--- THE DATA ---
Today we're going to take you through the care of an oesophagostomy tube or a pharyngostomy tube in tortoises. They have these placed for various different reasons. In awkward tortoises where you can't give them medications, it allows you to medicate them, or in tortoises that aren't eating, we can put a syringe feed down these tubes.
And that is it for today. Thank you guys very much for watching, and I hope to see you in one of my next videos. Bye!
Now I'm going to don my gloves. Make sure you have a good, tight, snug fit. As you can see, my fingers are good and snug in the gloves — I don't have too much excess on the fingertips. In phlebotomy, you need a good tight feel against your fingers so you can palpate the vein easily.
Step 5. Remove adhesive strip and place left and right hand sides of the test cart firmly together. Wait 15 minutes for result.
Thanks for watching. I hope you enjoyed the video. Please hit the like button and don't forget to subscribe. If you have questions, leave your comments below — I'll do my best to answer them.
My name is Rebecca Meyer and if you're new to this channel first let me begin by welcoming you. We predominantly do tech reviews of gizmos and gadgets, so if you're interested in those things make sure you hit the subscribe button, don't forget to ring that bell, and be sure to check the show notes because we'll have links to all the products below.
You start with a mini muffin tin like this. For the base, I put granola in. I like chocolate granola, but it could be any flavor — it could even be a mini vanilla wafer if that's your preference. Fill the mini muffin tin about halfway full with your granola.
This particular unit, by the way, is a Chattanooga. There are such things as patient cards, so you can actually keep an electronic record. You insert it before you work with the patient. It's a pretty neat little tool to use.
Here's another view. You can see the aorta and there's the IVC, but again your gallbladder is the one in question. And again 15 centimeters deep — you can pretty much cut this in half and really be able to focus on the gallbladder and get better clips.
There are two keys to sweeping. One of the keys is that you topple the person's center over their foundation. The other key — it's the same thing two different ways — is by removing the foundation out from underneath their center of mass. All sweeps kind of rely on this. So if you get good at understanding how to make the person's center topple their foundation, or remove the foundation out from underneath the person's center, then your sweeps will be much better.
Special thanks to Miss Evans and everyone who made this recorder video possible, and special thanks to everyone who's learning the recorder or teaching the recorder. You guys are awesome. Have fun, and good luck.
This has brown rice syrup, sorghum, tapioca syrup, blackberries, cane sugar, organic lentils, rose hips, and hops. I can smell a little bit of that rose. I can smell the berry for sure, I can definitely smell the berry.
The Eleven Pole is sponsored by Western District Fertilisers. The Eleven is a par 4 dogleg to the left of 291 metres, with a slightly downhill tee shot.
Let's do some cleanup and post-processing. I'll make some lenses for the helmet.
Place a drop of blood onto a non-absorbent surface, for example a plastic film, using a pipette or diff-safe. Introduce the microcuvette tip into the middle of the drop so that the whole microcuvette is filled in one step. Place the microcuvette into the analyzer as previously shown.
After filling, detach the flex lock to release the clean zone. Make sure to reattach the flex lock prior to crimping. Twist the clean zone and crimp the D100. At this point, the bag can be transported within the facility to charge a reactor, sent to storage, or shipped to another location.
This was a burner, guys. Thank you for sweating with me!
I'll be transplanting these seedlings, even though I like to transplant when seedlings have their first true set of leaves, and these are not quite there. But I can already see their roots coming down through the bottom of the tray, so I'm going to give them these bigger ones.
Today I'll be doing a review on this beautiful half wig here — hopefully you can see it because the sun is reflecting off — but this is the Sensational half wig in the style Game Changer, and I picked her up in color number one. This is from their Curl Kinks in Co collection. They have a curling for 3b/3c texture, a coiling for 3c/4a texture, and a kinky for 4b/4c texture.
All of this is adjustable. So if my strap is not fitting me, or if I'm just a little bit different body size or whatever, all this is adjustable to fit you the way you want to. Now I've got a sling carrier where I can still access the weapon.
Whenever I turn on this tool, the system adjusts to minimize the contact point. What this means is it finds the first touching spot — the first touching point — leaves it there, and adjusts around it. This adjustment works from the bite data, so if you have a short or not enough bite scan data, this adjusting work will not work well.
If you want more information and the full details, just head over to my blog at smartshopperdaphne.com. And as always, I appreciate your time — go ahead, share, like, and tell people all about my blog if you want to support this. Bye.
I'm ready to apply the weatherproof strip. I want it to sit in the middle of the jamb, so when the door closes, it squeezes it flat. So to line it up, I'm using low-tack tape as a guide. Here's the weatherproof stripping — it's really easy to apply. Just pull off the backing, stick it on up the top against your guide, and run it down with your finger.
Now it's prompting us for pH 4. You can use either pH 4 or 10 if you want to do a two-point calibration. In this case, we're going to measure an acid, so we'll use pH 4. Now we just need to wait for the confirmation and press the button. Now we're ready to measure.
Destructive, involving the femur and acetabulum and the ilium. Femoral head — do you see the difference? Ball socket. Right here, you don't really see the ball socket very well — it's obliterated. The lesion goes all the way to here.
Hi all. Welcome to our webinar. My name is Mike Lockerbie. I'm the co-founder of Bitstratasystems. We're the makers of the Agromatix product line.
---
■ TO DO: All of the material is to be written out exactly.

■ RESULT OF THIS EXERCISE:
Today we're going to take you through the care of an oesophagostomy tube or a pharyngostomy tube in tortoises. They have these placed for various different reasons. In awkward tortoises where you can't give them medications, it allows you to medicate them, or in tortoises that aren't eating, we can put a syringe feed down these tubes.
And that is it for today. Thank you guys very much for watching, and I hope to see you in one of my next videos. Bye!
Now I'm going to don my gloves. Make sure you have a good, tight, snug fit. As you can see, my fingers are good and snug in the gloves — I don't have too much excess on the fingertips. In phlebotomy, you need a good tight feel against your fingers so you can palpate the vein easily.
Step 5. Remove adhesive strip and place left and right hand sides of the test cart firmly together. Wait 15 minutes for result.
Thanks for watching. I hope you enjoyed the video. Please hit the like button and don't forget to subscribe. If you have questions, leave your comments below — I'll do my best to answer them.
My name is Rebecca Meyer and if you're new to this channel first let me begin by welcoming you. We predominantly do tech reviews of gizmos and gadgets, so if you're interested in those things make sure you hit the subscribe button, don't forget to ring that bell, and be sure to check the show notes because we'll have links to all the products below.
You start with a mini muffin tin like this. For the base, I put granola in. I like chocolate granola, but it could be any flavor — it could even be a mini vanilla wafer if that's your preference. Fill the mini muffin tin about halfway full with your granola.
This particular unit, by the way, is a Chattanooga. There are such things as patient cards, so you can actually keep an electronic record. You insert it before you work with the patient. It's a pretty neat little tool to use.
Here's another view. You can see the aorta and there's the IVC, but again your gallbladder is the one in question. And again 15 centimeters deep — you can pretty much cut this in half and really be able to focus on the gallbladder and get better clips.
There are two keys to sweeping. One of the keys is that you topple the person's center over their foundation. The other key — it's the same thing two different ways — is by removing the foundation out from underneath their center of mass. All sweeps kind of rely on this. So if you get good at understanding how to make the person's center topple their foundation, or remove the foundation out from underneath the person's center, then your sweeps will be much better.
Special thanks to Miss Evans and everyone who made this recorder video possible, and special thanks to everyone who's learning the recorder or teaching the recorder. You guys are awesome. Have fun, and good luck.
This has brown rice syrup, sorghum, tapioca syrup, blackberries, cane sugar, organic lentils, rose hips, and hops. I can smell a little bit of that rose. I can smell the berry for sure, I can definitely smell the berry.
The Eleven Pole is sponsored by Western District Fertilisers. The Eleven is a par 4 dogleg to the left of 291 metres, with a slightly downhill tee shot.
Let's do some cleanup and post-processing. I'll make some lenses for the helmet.
Place a drop of blood onto a non-absorbent surface, for example a plastic film, using a pipette or diff-safe. Introduce the microcuvette tip into the middle of the drop so that the whole microcuvette is filled in one step. Place the microcuvette into the analyzer as previously shown.
After filling, detach the flex lock to release the clean zone. Make sure to reattach the flex lock prior to crimping. Twist the clean zone and crimp the D100. At this point, the bag can be transported within the facility to charge a reactor, sent to storage, or shipped to another location.
This was a burner, guys. Thank you for sweating with me!
I'll be transplanting these seedlings, even though I like to transplant when seedlings have their first true set of leaves, and these are not quite there. But I can already see their roots coming down through the bottom of the tray, so I'm going to give them these bigger ones.
Today I'll be doing a review on this beautiful half wig here — hopefully you can see it because the sun is reflecting off — but this is the Sensational half wig in the style Game Changer, and I picked her up in color number one. This is from their Curl Kinks in Co collection. They have a curling for 3b/3c texture, a coiling for 3c/4a texture, and a kinky for 4b/4c texture.
All of this is adjustable. So if my strap is not fitting me, or if I'm just a little bit different body size or whatever, all this is adjustable to fit you the way you want to. Now I've got a sling carrier where I can still access the weapon.
Whenever I turn on this tool, the system adjusts to minimize the contact point. What this means is it finds the first touching spot — the first touching point — leaves it there, and adjusts around it. This adjustment works from the bite data, so if you have a short or not enough bite scan data, this adjusting work will not work well.
If you want more information and the full details, just head over to my blog at smartshopperdaphne.com. And as always, I appreciate your time — go ahead, share, like, and tell people all about my blog if you want to support this. Bye.
I'm ready to apply the weatherproof strip. I want it to sit in the middle of the jamb, so when the door closes, it squeezes it flat. So to line it up, I'm using low-tack tape as a guide. Here's the weatherproof stripping — it's really easy to apply. Just pull off the backing, stick it on up the top against your guide, and run it down with your finger.
Now it's prompting us for pH 4. You can use either pH 4 or 10 if you want to do a two-point calibration. In this case, we're going to measure an acid, so we'll use pH 4. Now we just need to wait for the confirmation and press the button. Now we're ready to measure.
Destructive, involving the femur and acetabulum and the ilium. Femoral head — do you see the difference? Ball socket. Right here, you don't really see the ball socket very well — it's obliterated. The lesion goes all the way to here.
Hi all. Welcome to our webinar. My name is Mike Lockerbie. I'm the co-founder of Bitstratasystems. We're the makers of the Agromatix product line.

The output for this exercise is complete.